His little hideaway could even be inside the walls, she mused as she idly inched her way around the room, running her hand over the wall. Gisele was not quite sure what she looked for, just some subtle thing that would be pulled or pushed to reveal a doorway. If his true bedchamber were not in the walls, then the hall leading to it was, for he could not be seen coming and going from this room.
“What are you doing?” asked a cold voice from right behind her.
Gisele gasped softly in surprise and turned to look at Vachel. She had not even heard the door open, yet a quick glance over his shoulder revealed Ansel taking one last look inside before shutting the door. Vachel DeVeau had obviously learned the same little trick that Nigel had. She supposed she should not be surprised. A man like him would find it very useful to be able to move around silently.
“I was looking for your escape door,” she answered truthfully.
“What do you mean?”
“Just what I said.”
“Why should I wish to escape from my own room?”
She could tell by the way his voice grew colder and softer that he was becoming angry. It was not wise to tell him that she knew one of his greatest secrets. Then she decided that it did not matter. She might even get lucky and say or do something that finally broke his tight control over himself and make him kill her—quickly.

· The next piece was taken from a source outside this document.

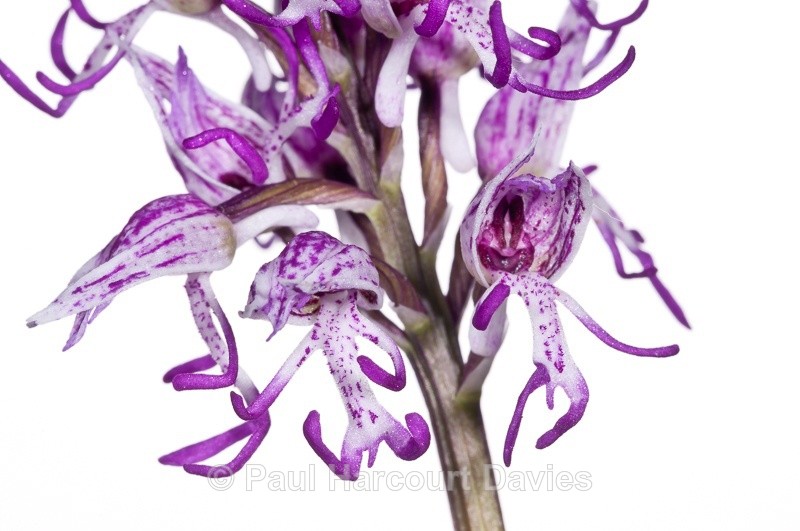  - WB: Orchids - Orchis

“Because you are hated so much that your enemies number in the thousands. The last thing you would wish them to know is where you sleep. The bedchamber can be the one place where a man is most vulnerable.”
“Cleverness is not always appreciated in a woman.”
“So your cousin was fond of telling me, either before or after he beat me.”
“My cousin obviously did not beat you often enough or hard enough.”
“He did his best,” she said, moving away from him and picking up the wine decanter she had hurled against the wall.
“Michael did not have a best.”
She had just set the decanter down on the table by the bed when she felt his body close to her back. He had neatly pinned her between himself, the table, and the bed. Gisele cursed her own stupidity. She should have watched him more closely.
“You did not send up enough wine,” she complained, but her voice wavered ever so slightly as she turned around to face him, their bodies only a deep breath apart.
“I sent up all you would need,” he said as he reached out to stroke her hair.